=== How to complete this task ===
Lines from the one containing "Apartment Przyladek Przy" through the end of the material are to be retyped exactly; do not copy pictures.

=== Supplied material ===
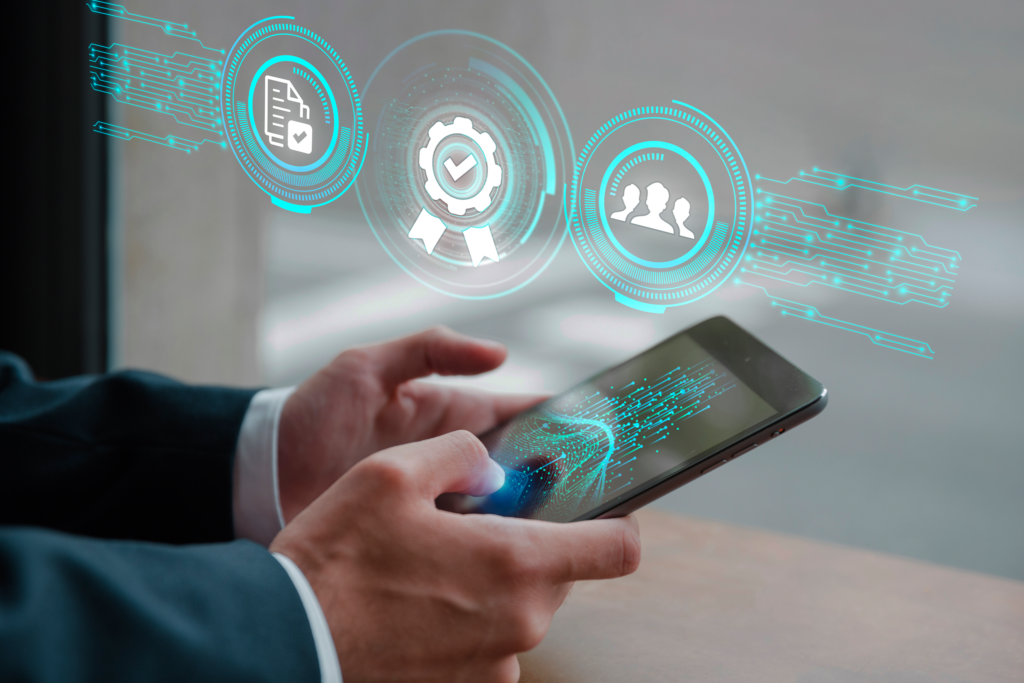 Digitalización de Procesos Comerciales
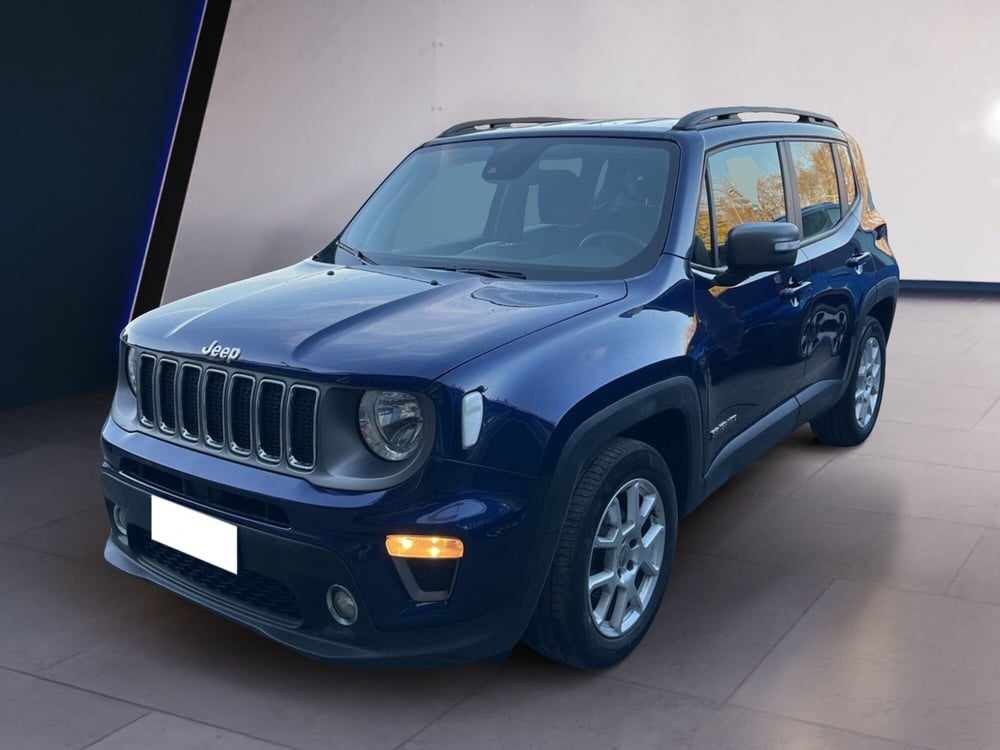 Jeep Renegade usata a Torino (2)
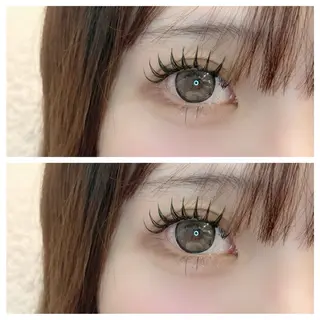 マツエク・マツパ Ayumi.dre 🌸Y《2階》のマツエク・マツパデザイン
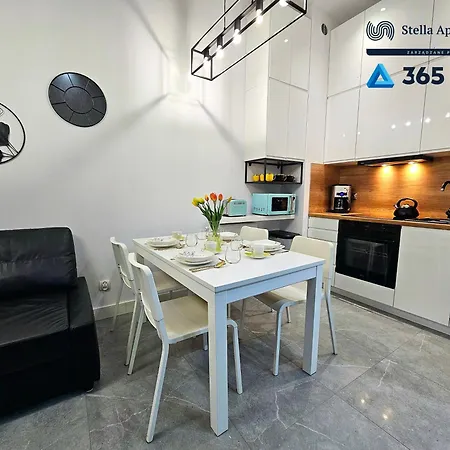 Apartment Przyladek Przy Plazy W Summer Lofts - 365pam Ustronie Morskie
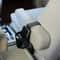 Universal Car Cup Holder Hanging Door Mount Bottle Organizer for Drinks, Phones & Essentials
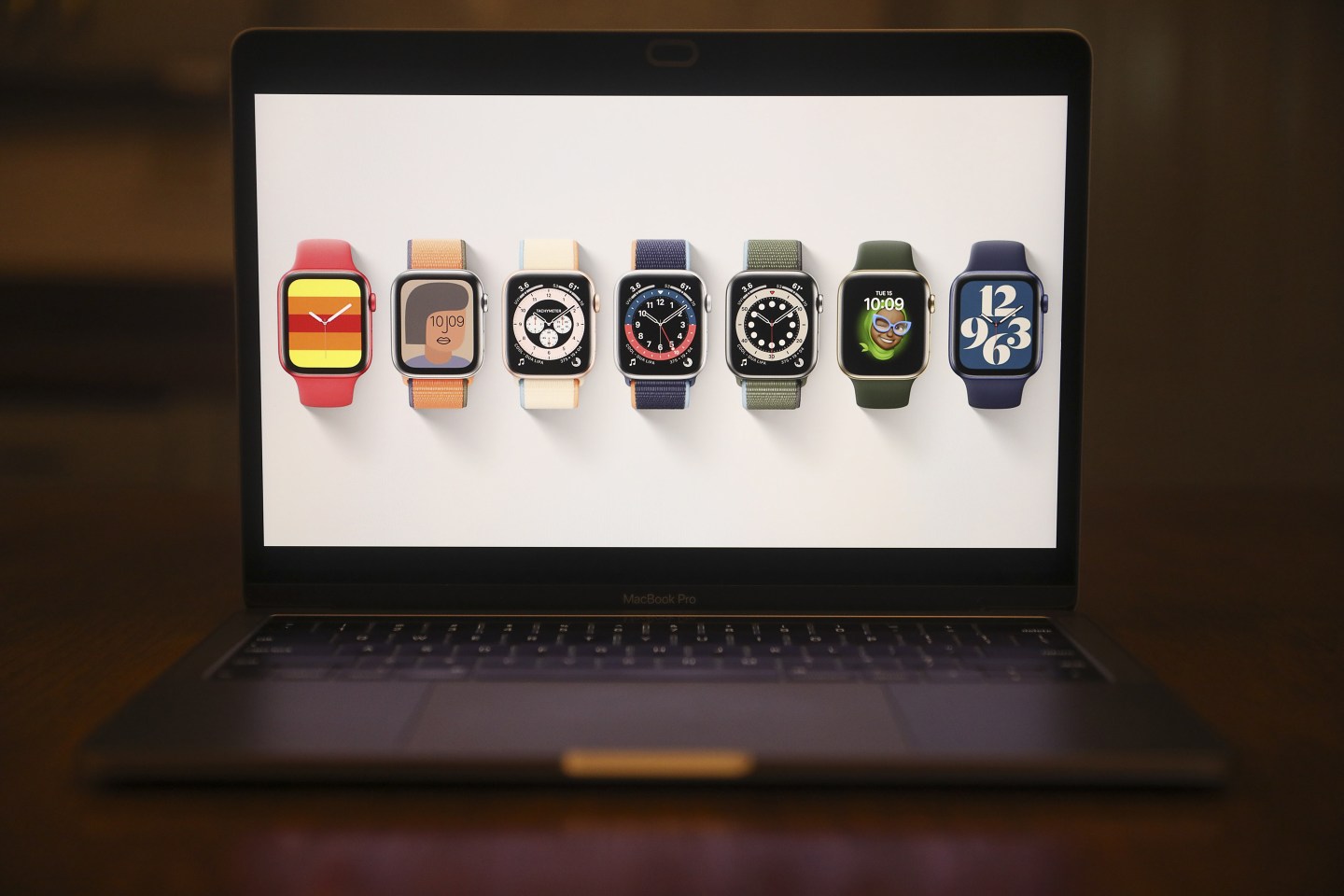 Apple Watch Series 6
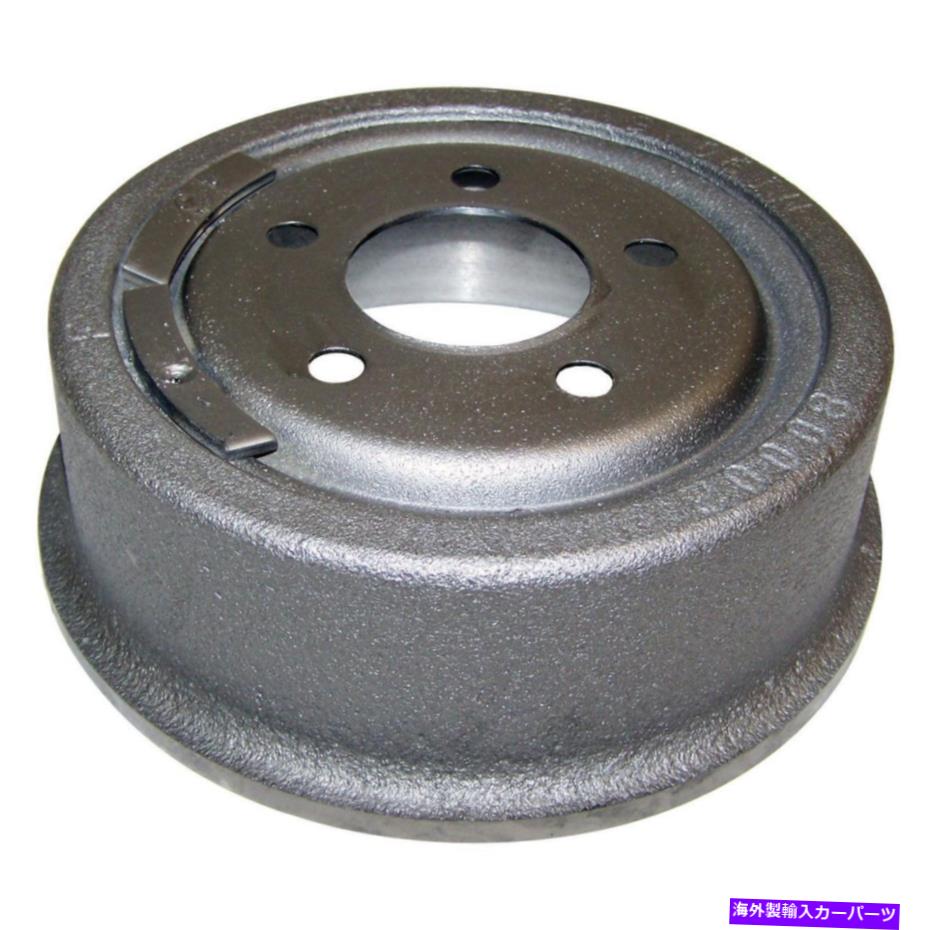 Brake Drum ブレーキドラムブレーキドラム、左または右後部、9 \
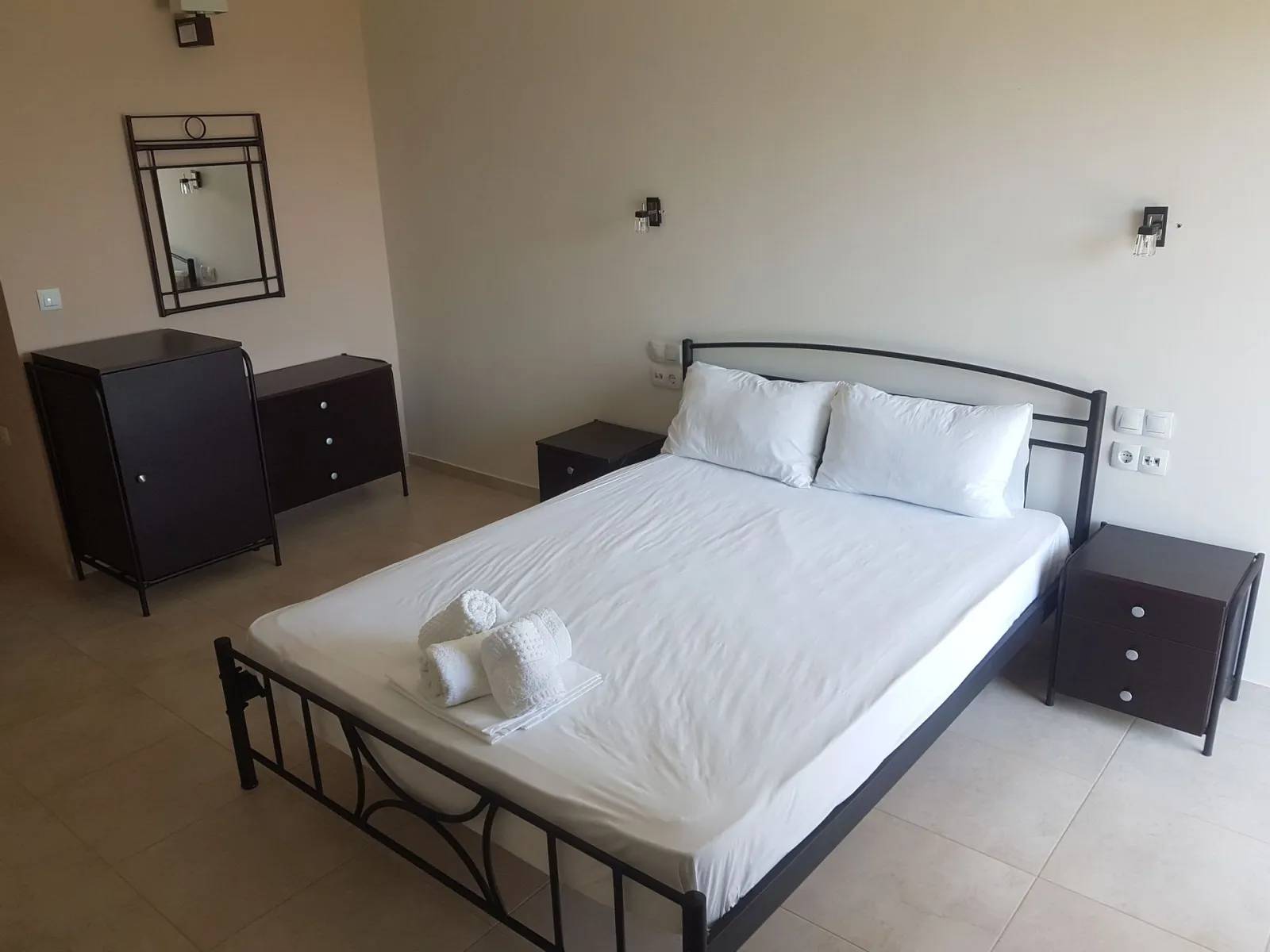 Ocean Hotel Resort, Kastrosikija, Grčka — Double Room Sea View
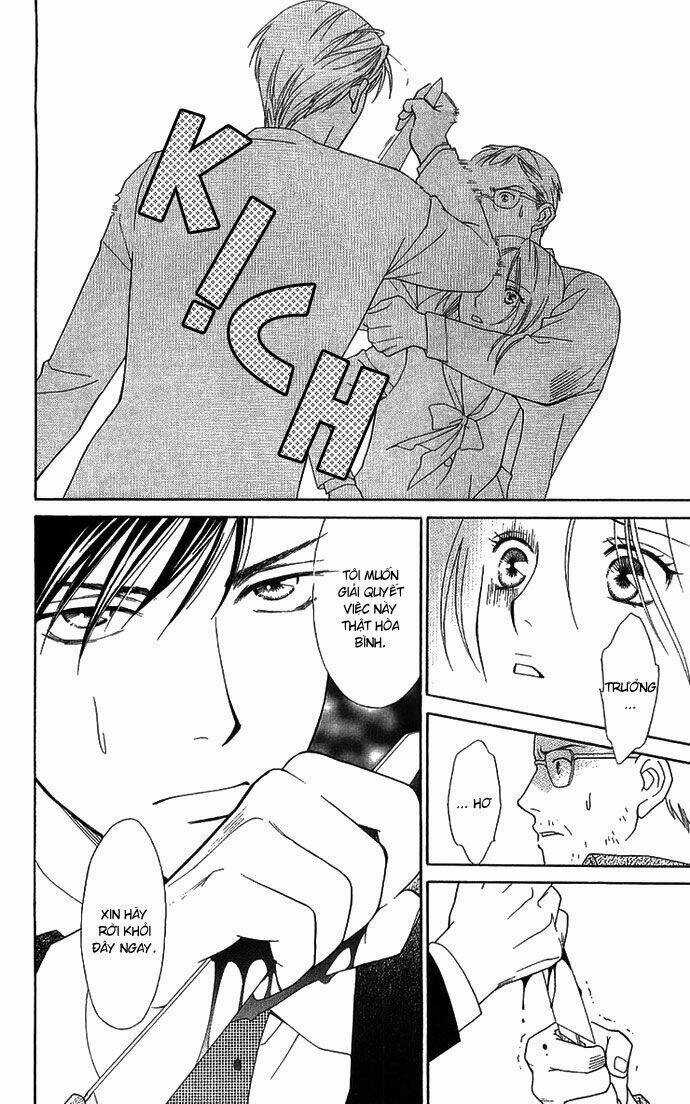 Chou Yo Hana Yo Chapter 1 trang 38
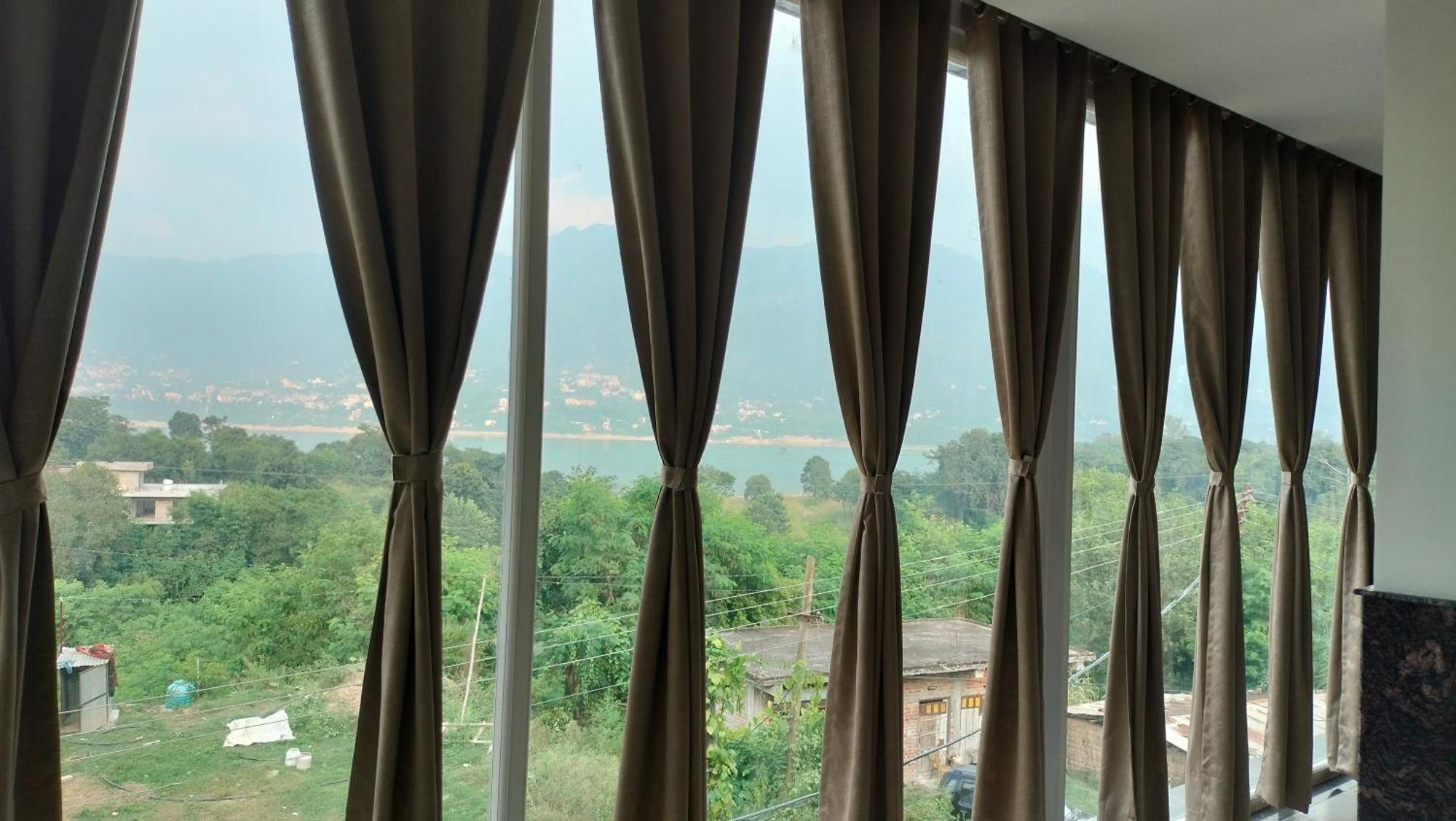 Govind Sagar View Hotel & Restaurant Bilaspur  Εξωτερικό φωτογραφία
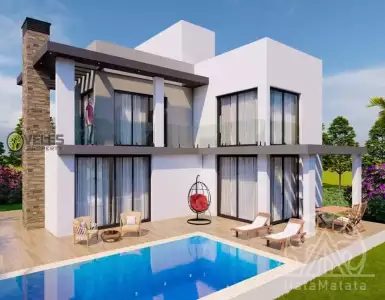 Купить villa в Cyprus 877500€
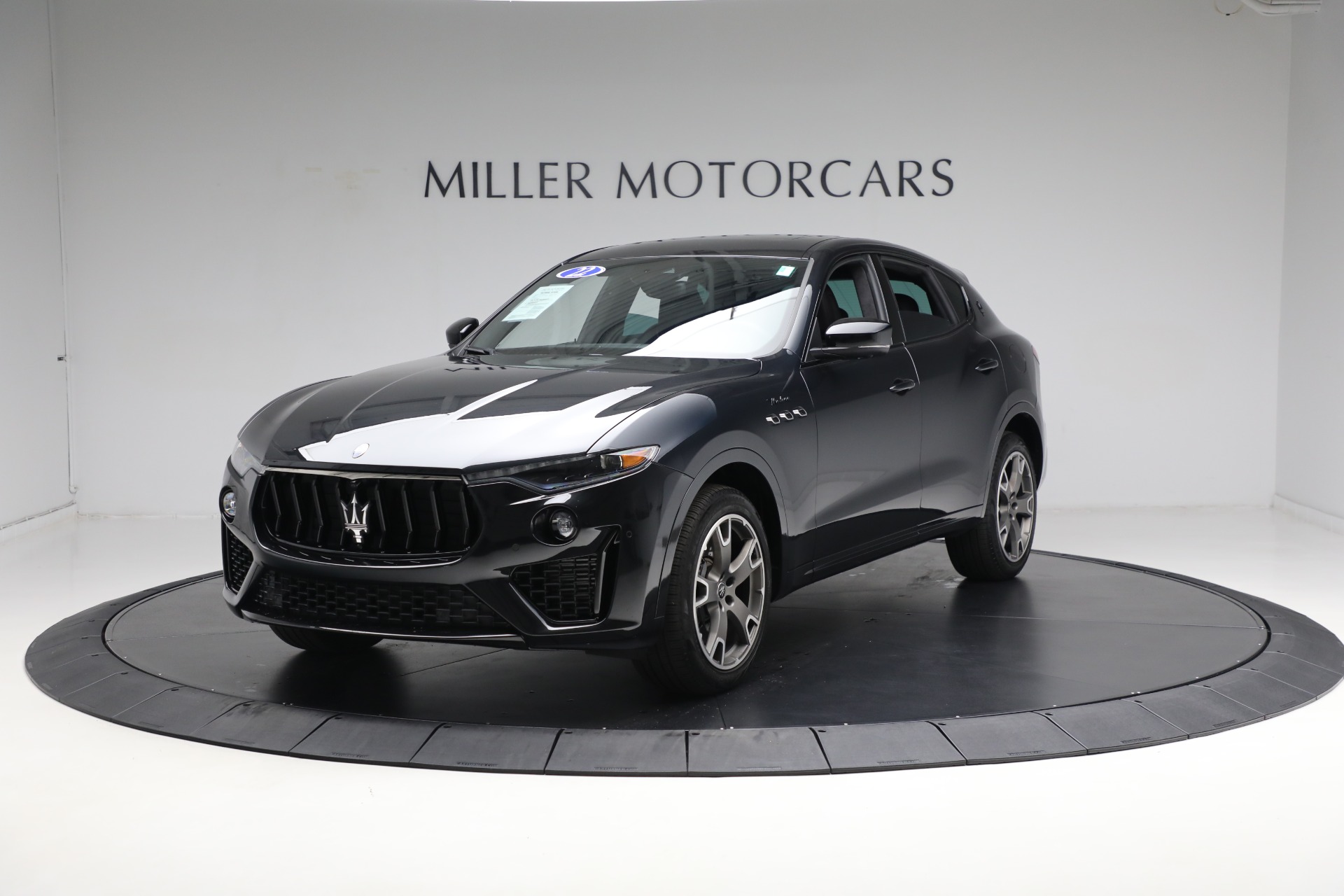Used 2022 Maserati Levante Modena for sale Sold at Aston Martin of Greenwich in Greenwich CT 06830 1
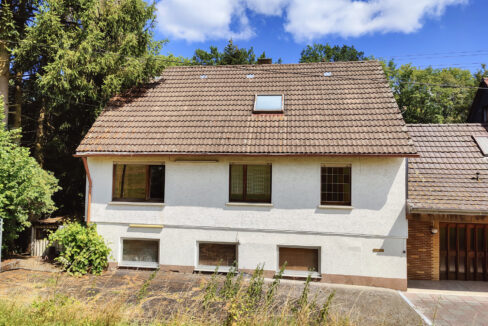Rückseite NH
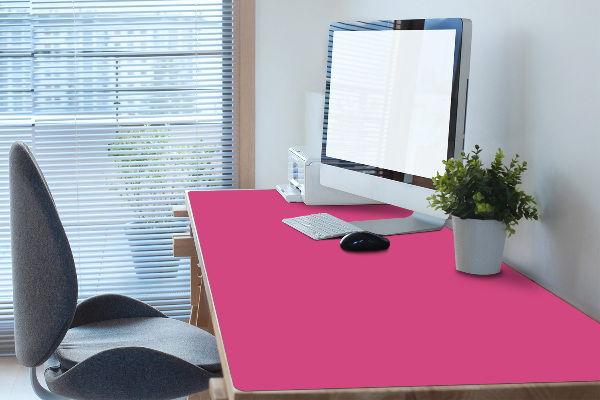 Skrivbordsunderlägg Rosa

=== Exercise solution ===
 Apartment Przyladek Przy Plazy W Summer Lofts - 365pam Ustronie Morskie
 Universal Car Cup Holder Hanging Door Mount Bottle Organizer for Drinks, Phones & Essentials
 Apple Watch Series 6
 Brake Drum ブレーキドラムブレーキドラム、左または右後部、9 \
 Ocean Hotel Resort, Kastrosikija, Grčka — Double Room Sea View
 Chou Yo Hana Yo Chapter 1 trang 38
 Govind Sagar View Hotel & Restaurant Bilaspur  Εξωτερικό φωτογραφία
 Купить villa в Cyprus 877500€
Used 2022 Maserati Levante Modena for sale Sold at Aston Martin of Greenwich in Greenwich CT 06830 1
Rückseite NH
 Skrivbordsunderlägg Rosa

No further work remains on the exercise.